A report to Preston City Council’s cabinet indicates that the western steps would also eventually need closing if the condition of the balustrades on that side deteriorated any further - which would completely cut off the final stage of the popular assent.
Cabinet members have now approved the replacement of both balustrades so that the steps in the Grade II-listed park can remain in use.
It is not known whether the previously sturdy handrails date back to when the park was created back in the 1860s.
A tendering exercise will now be carried out to identify a contractor capable of carrying out the work within the budget set aside for it. As that process is yet to take place, the estimated cost of the scheme has not yet been made public.
Cllr Robert Boswell, the authority’s cabinet member for environment and community safety, warned that it may be a while yet before visitors can once again choose which way to turn as they approach the final flight of steps.

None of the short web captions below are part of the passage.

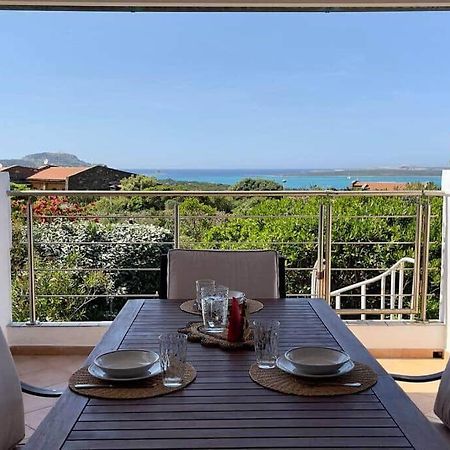 Terrazza Vista Mare Stintino Lejlighed Eksteriør billede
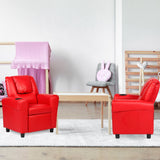 Kids Recliner Armchair Sofa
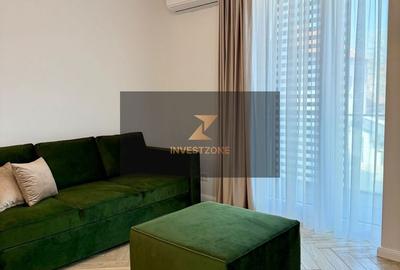 Apartament cu 2 camere în Lotus - 17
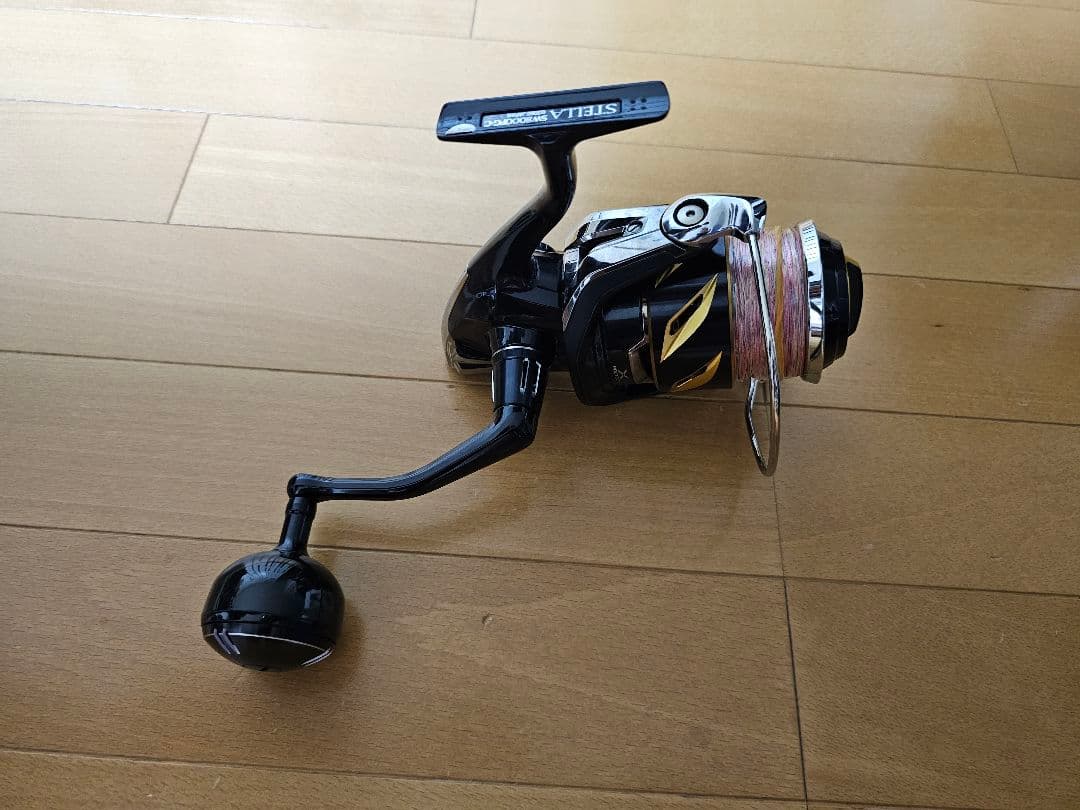 ステラSW 8000PG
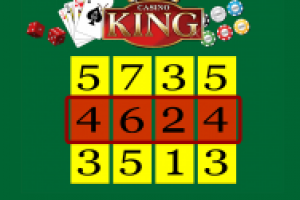 Однорукий бандит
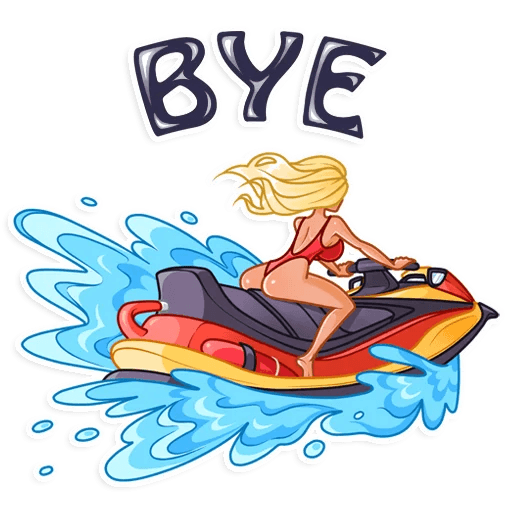 bay watch pam anderson sticker 23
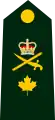 Canada:Brigadier general /Brigadier-général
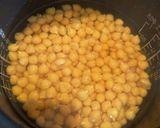🌟【完成版】タンパク質も取れるひじき煮作り方1写真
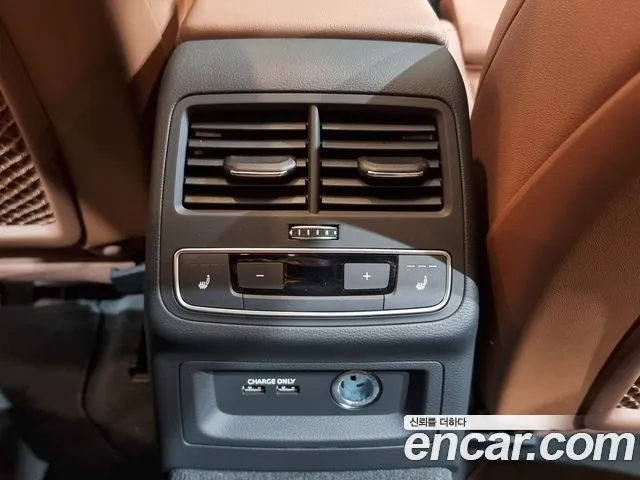 Audi A4 B9 — Фото автомобиля 19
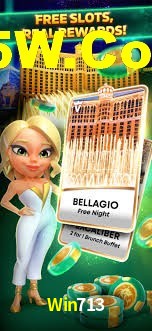 Live Casino Win713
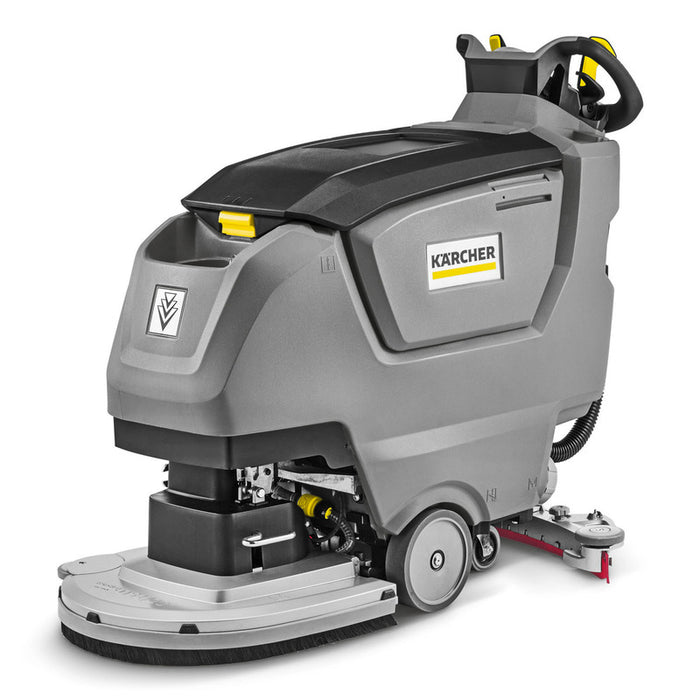 B 50 W Bp Pack 80Ah + D51 - 1.533-237.0 Karcher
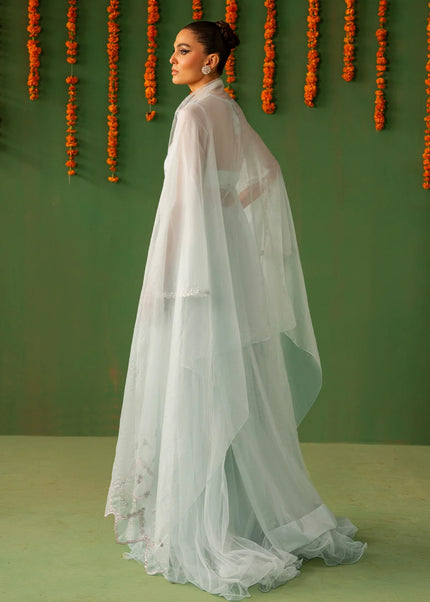 Soie | Lyra - Belina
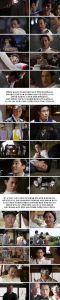 Bridal Mask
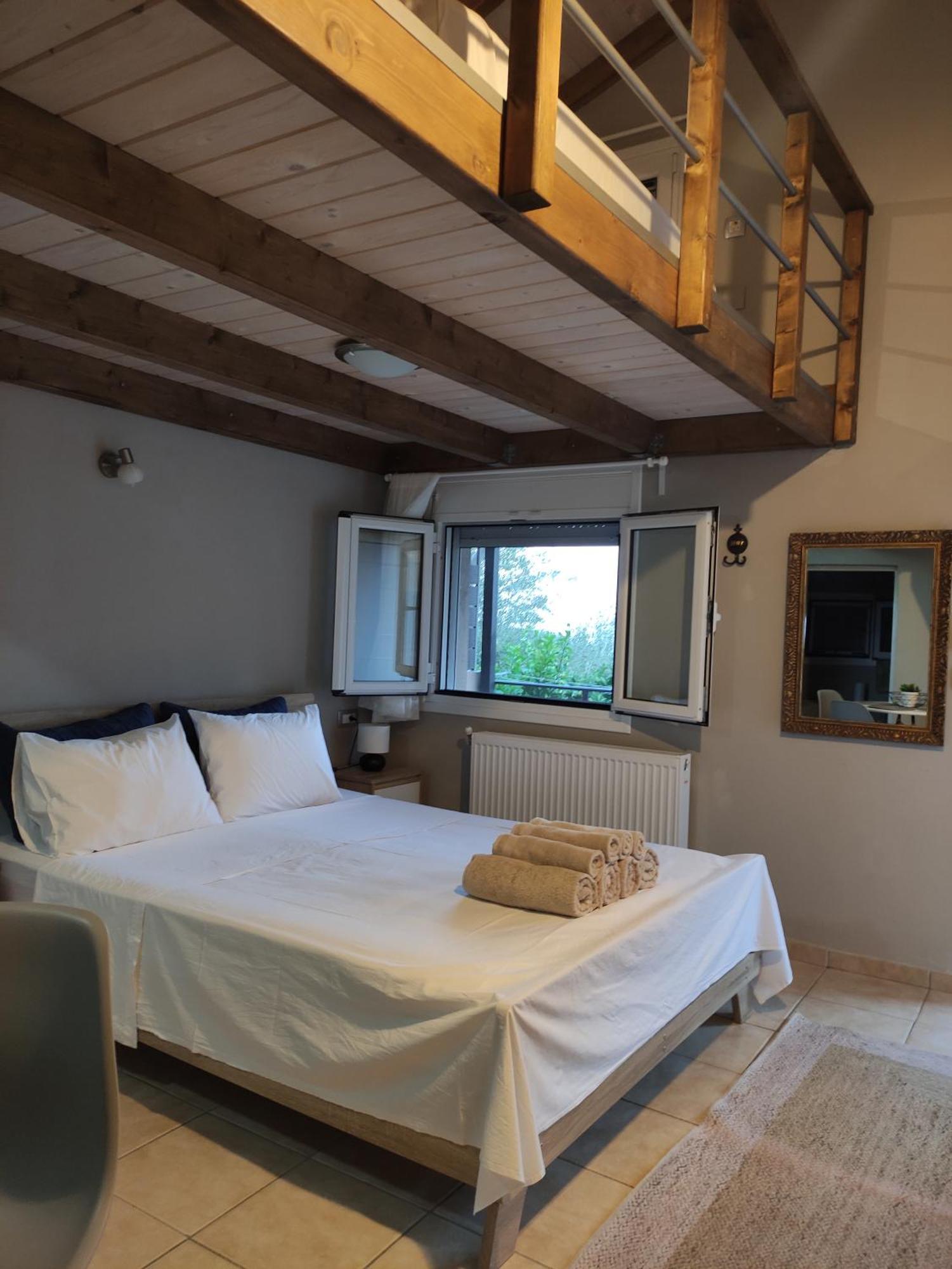 Tatil Evi Sogno 1 *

He told the Lancashire Post that there are ”significant lead-in times for the local stone to be quarried and supplied”.
“Our parks and open spaces have become even more important to us over the past year, for both our physical and mental wellbeing.
“However, the welfare of park visitors is paramount, and following inspection in November 2020, it was necessary to close off one side of the balustrade steps in Miller Park for health and safety reasons.
“Cabinet recently approved funding for the repairs, which will be carried out as soon as resources are in place,” Cllr Boswell added.